Brown

Jack Della Maddalena walked into UFC 322 as the welterweight champion, but he walked out after four takedowns and relentless pressure. The same fighter who once shut down Belal Muhammad at every turn suddenly couldn’t stop a single shot, managing only 18 significant strikes in a five-round fight that never swung his way.


However, while fans debated what went wrong, UFC veteran Matt Brown had a razor-sharp focus on something different , the corner.


Brown didn’t mince words. On The Fighter vs. The Writer, he said Della Maddalena’s coaches spent more time yelling motivation than giving actual technical direction, and it drove him crazy to hear.

“It seemed very odd to me, like they were just trying to fire him up the whole time,” Brown said. “He’s already fighting as hard as he can. Telling him to give more isn’t changing anything. If anything, he needed to relax and adjust.”

For Brown, the issue wasn’t effort, it was strategy. Della Maddalena was already surviving every submission attempt Makhachev threw at him. What he wasn’t doing was making changes that could save his title, and Brown pointed directly at the corner for that. At one point, Brown even tweeted “terrible cornering,” letting the world know exactly how he felt.

Brown said he wanted to hear simple, effective directions like:

“Jack, sprawl your legs back when he shoots. Stay heavy on the hips. Don’t give him your base.”
He did give Craig Jones credit for trying to offer real advice between rounds, but even then, Brown didn’t think the overall game plan was built to stop Makhachev’s pressure.

“I remember the one round Craig Jones came into the octagon, gave him a little bit of actual advice,” Brown said. “I don’t remember which was which but earlier in between rounds, it was Craig Jones and later on it was whatever other coach. Craig Jones was trying to give him real advice. It would be interesting to hear Craig’s take on that or his coaches’ take.

“I’d like to hear what they have to say, not just beat a dead horse on people that can’t defend themselves. I would like to hear their opinion, their thoughts on what their corner strategy was or what they were thinking or what they were trying to say.”


Looking at the fight itself, Brown admitted he saw a mistake he once made. He said Della Maddalena seemed so focused on surviving Makhachev’s submissions that he forgot to build any offense of his own. His jiu-jitsu defense was sharp, no one can take that away, but his wrestling resistance was almost nonexistent.


“What it appeared just from the outside looking in and Jack is an amazing fighter, don’t want to take anything away from him, but what it appeared, he trained a lot to defend jiu-jitsu of Islam and survive,” Brown said. “It was amazing how he survived those submission attempts.
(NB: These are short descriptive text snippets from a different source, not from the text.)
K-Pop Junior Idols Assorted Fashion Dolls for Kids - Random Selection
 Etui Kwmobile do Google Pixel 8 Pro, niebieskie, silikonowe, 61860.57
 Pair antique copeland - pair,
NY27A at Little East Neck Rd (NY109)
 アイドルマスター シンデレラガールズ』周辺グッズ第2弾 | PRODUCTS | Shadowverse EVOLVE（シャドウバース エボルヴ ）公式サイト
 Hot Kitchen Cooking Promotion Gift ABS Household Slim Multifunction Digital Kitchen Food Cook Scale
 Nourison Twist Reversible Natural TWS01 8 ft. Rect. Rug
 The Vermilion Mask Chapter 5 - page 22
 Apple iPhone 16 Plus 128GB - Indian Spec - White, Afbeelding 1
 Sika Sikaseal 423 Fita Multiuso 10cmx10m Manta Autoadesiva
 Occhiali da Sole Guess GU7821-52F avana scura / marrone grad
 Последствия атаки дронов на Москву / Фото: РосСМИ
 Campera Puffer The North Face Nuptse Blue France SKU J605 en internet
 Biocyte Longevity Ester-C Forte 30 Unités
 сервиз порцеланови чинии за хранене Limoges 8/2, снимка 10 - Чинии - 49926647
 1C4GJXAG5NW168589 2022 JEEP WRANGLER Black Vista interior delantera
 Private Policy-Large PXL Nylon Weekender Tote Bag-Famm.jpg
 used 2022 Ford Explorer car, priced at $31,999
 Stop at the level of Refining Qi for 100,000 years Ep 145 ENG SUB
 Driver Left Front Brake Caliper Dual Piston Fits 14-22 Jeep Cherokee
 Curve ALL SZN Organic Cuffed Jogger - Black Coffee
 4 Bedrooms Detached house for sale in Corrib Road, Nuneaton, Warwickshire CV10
Islam went for a few really good submission attempts and Jack was very crisp on his defense. It seemed like that was what he trained the most. Of course, we have no idea, we’re just speculating but it did not appear he trained his wrestling much because he did not give hardly any resistance at all to Islam’s wrestling.


“I’ll tell you I made a similar mistake. When I fought Demian Maia, I did the exact same thing. I trained so much to defend Demian’s rear-naked choke specifically but other things too. What happened was, I ended up with him having my back most of the fight, and I defended it most of the fight. Actually, the only reason I ended up getting caught is I went for a kamikaze escape, 30 seconds left, you already lost the fight, nothing to lose but that was really the story of the fight. It felt to me like Jack made the same mistake that I made. I focused on what my opponent was doing and how to defend their offense versus how do I get some offense myself? But particularly with Jack just defending the wrestling. I was really surprised at how easy it was for Islam a lot of the times.”


Brown compared the feeling to his own fight with Demian Maia, where he spent so much time preparing to defend the rear-naked choke that he forgot to address how to actually stop Maia from taking his back in the first place.